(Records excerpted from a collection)
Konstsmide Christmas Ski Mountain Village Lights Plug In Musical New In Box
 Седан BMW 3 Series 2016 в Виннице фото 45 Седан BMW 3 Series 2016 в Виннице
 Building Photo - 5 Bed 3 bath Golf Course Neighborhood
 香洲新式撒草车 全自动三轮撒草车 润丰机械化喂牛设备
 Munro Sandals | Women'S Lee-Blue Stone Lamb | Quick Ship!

=== EXERCISE AIM ===
Word for word, restate the lines running from the one containing "Седан BMW 3 Series 2016 в Виннице фото" through the final line of the records above, and nothing besides.

=== ANSWER SPACE ===
 Седан BMW 3 Series 2016 в Виннице фото 45 Седан BMW 3 Series 2016 в Виннице
 Building Photo - 5 Bed 3 bath Golf Course Neighborhood
 香洲新式撒草车 全自动三轮撒草车 润丰机械化喂牛设备
 Munro Sandals | Women'S Lee-Blue Stone Lamb | Quick Ship!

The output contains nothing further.